=== PROBLEM TO SOLVE ===
Below are records with pictures. Reproduce exactly the lines from the line with "Đất Nền Dự Án" to the line with "MacroCare Office' by", inclusive, and leave each picture out.

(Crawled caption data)
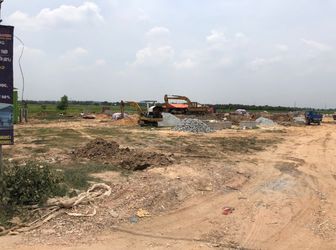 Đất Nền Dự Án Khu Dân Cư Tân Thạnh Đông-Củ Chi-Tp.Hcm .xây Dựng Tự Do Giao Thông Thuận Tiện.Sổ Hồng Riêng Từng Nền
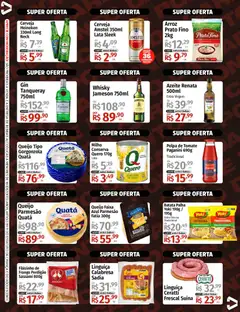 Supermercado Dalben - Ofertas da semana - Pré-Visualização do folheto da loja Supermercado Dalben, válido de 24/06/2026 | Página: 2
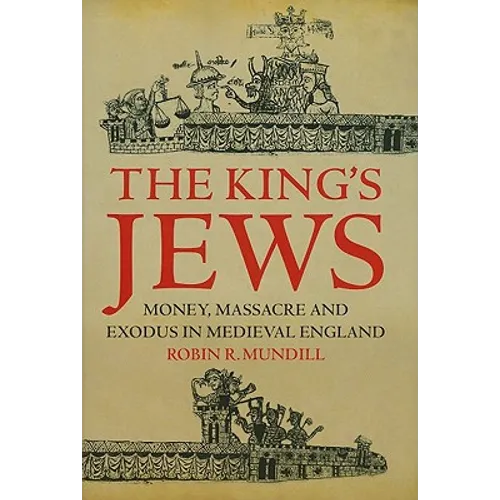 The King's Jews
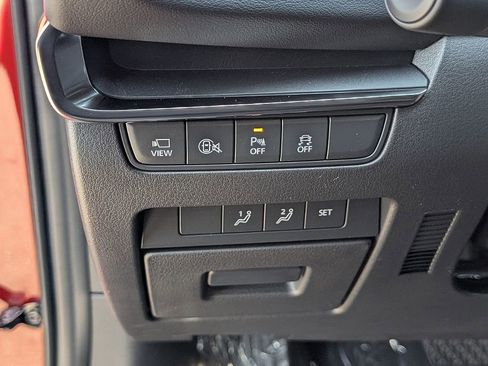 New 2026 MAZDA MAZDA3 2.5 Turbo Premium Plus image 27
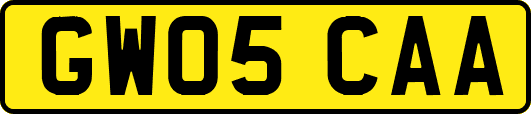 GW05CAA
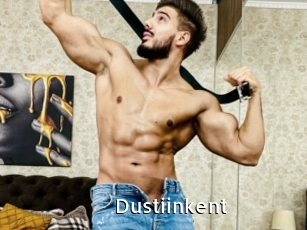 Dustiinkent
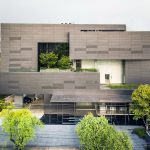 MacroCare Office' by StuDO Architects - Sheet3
--
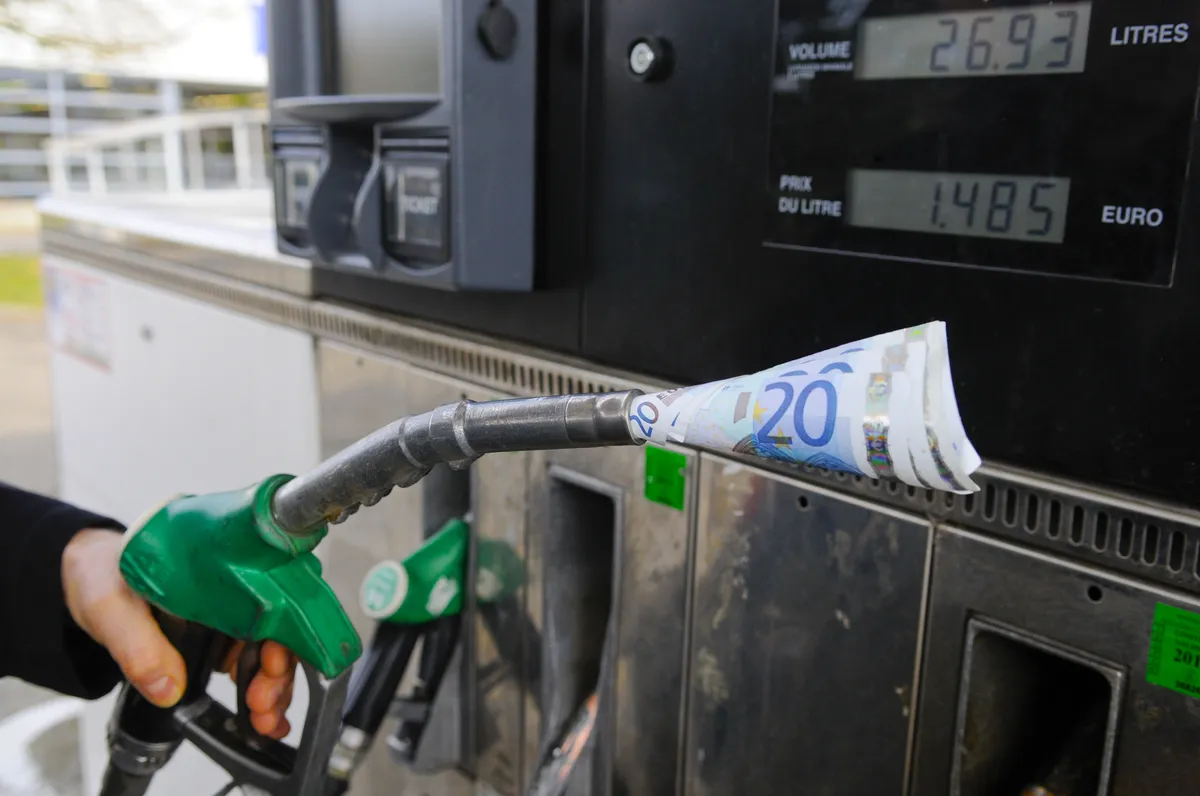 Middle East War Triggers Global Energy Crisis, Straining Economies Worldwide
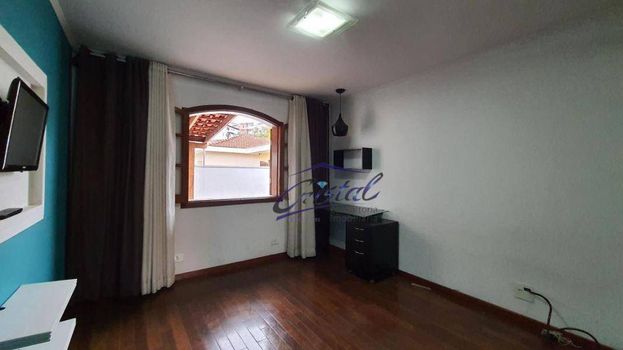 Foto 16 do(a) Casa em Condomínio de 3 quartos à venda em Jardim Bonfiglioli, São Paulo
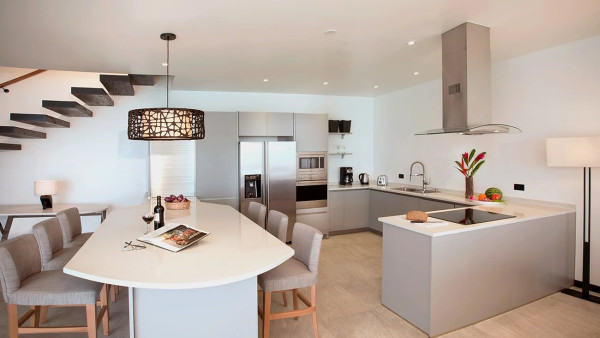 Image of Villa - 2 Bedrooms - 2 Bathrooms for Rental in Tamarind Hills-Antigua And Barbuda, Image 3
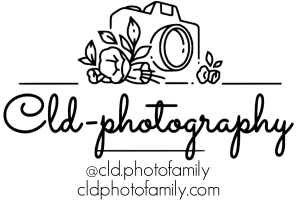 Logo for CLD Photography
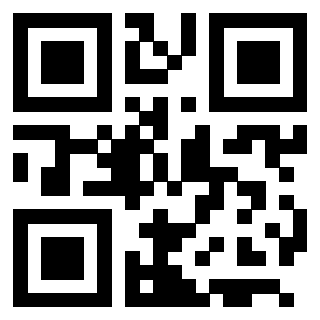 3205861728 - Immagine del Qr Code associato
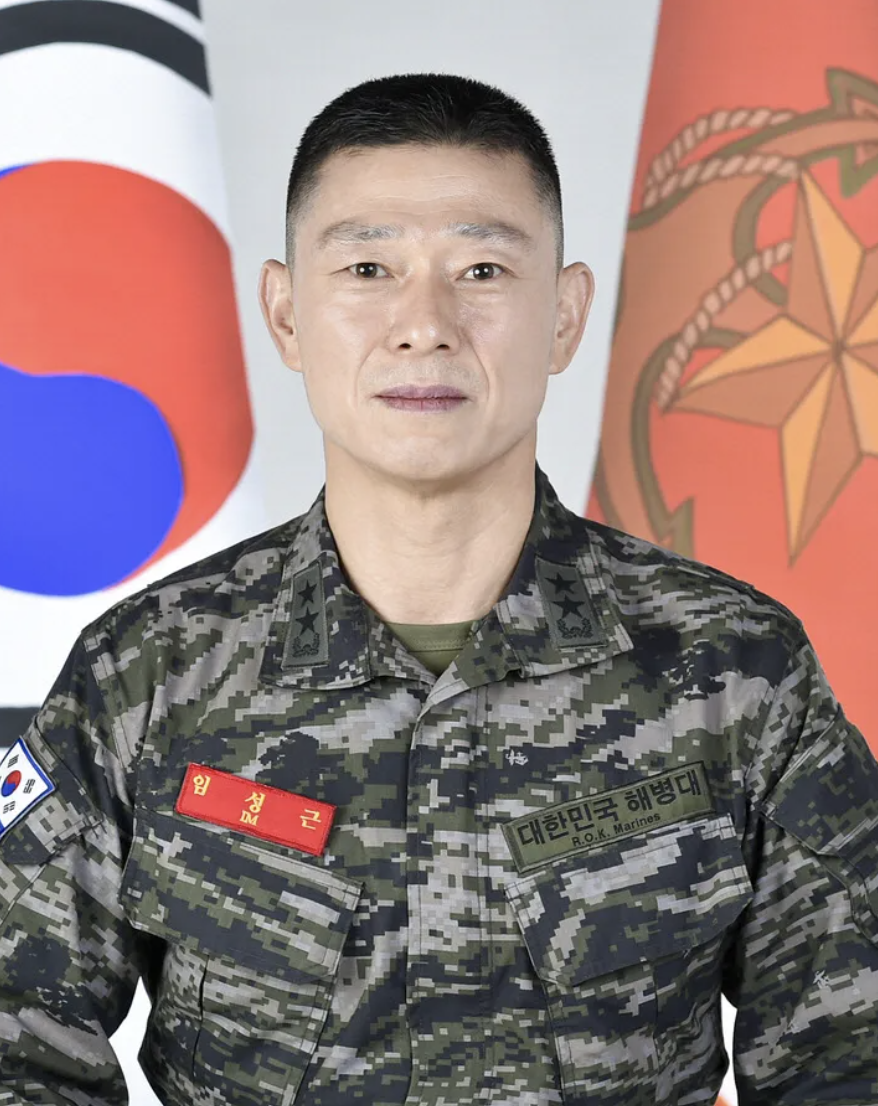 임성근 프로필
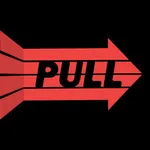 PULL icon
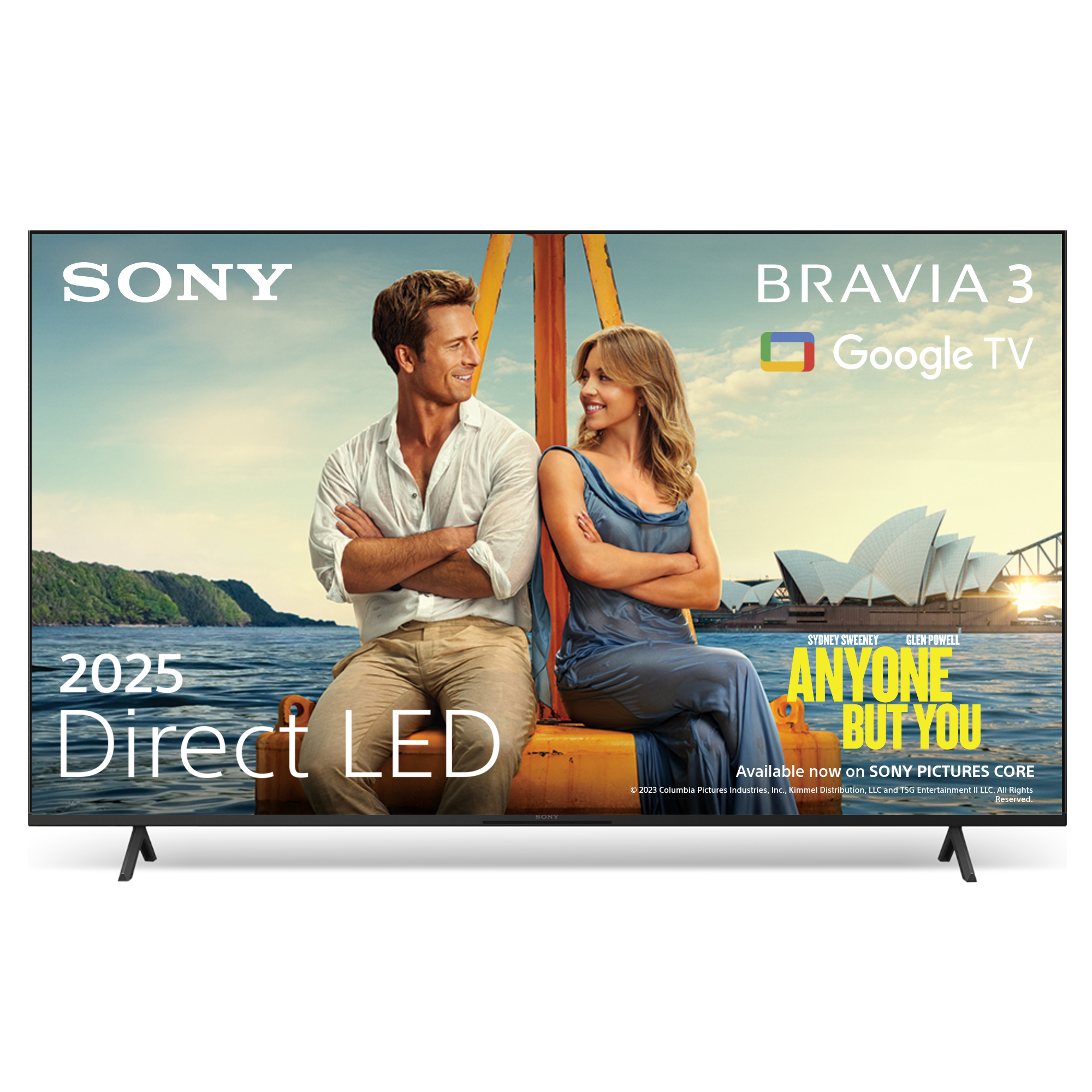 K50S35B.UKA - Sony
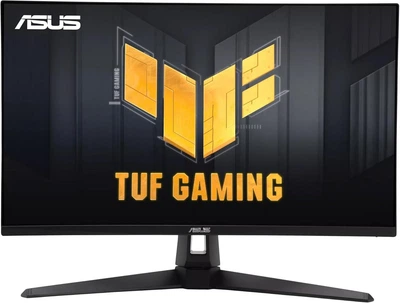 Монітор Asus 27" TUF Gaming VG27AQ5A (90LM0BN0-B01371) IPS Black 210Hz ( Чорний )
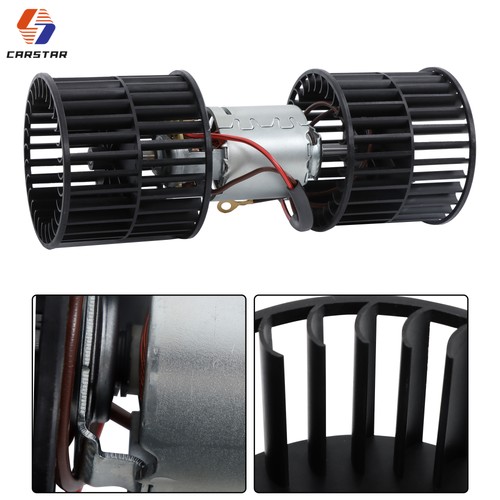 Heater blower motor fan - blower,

=== PROBLEM SOLUTION ===
 Đất Nền Dự Án Khu Dân Cư Tân Thạnh Đông-Củ Chi-Tp.Hcm .xây Dựng Tự Do Giao Thông Thuận Tiện.Sổ Hồng Riêng Từng Nền
 Supermercado Dalben - Ofertas da semana - Pré-Visualização do folheto da loja Supermercado Dalben, válido de 24/06/2026 | Página: 2
 The King's Jews
 New 2026 MAZDA MAZDA3 2.5 Turbo Premium Plus image 27
 GW05CAA
 Dustiinkent
 MacroCare Office' by StuDO Architects - Sheet3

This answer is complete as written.